Each line of the .txt file should be a sentence. The English Penn 
Treebank (PTB) data (Tomas Mikolov's pre-processed version with vocab size equal to 10K,
widely used by the language modeling community) is given as the default.

The paper also runs the models on non-English data (Czech, French, German, Russian, and Spanish), from the ICML 2014
paper [Compositional Morphology for Word Representations and Language Modelling](http://arxiv.org/abs/1405.4273)
by Jan Botha and Phil Blunsom. This can be downloaded from [Jan's website](https://bothameister.github.io).

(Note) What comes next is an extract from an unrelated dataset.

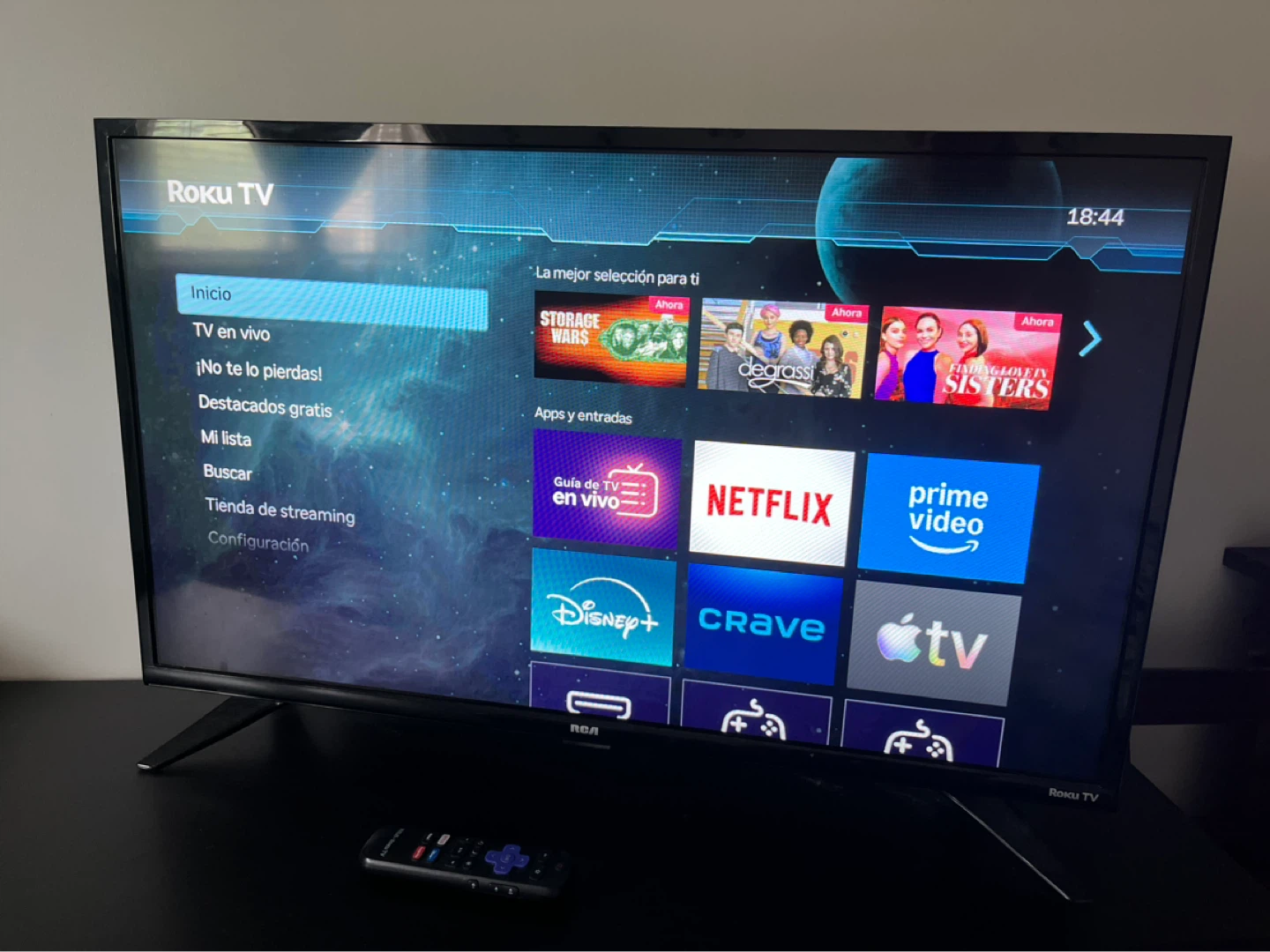 RCA Roku TV 32" HD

For ease of use, we provide a script to download the non-English data (`get_data.sh`). 
The script also saves the downloaded data into the relevant folders.

#### Note on PTB
The PTB data above does not have end-of-sentence tokens for each sentence, and hence these must be
manually appended. This can be done by adding `-EOS '+'` to the script (obviously you 
can use other characters than `+` to represent an end-of-sentence token---we recommend a single
unused character).

The non-English data already have end-of-sentence tokens for each line so, you want to add
`-EOS ''` to the command line.

#### Unicode in Lua
Lua is unicode-agnostic (each string is just a sequence of bytes) so we use
the `luautf8` package to deal with languages where a character can be more than one byte
(e.g. Russian). Many thanks to [vseledkin](https://github.com/vseledkin) for alerting us
to the fact that previous version of the code did not take this account!

### Model
Here are some example scripts. Add `-gpuid 0` to each line to use a GPU (which is
required to get any reasonable speed with the CNN), and `-cudnn 1` to use the
cudnn package. Scripts to reproduce the results of the paper can be found under `run_models.sh`

#### Character-level models
Large character-level model (LSTM-CharCNN-Large in the paper).
This is the default: should get ~82 on valid and ~79 on test. Takes ~5 hours with `cudnn`.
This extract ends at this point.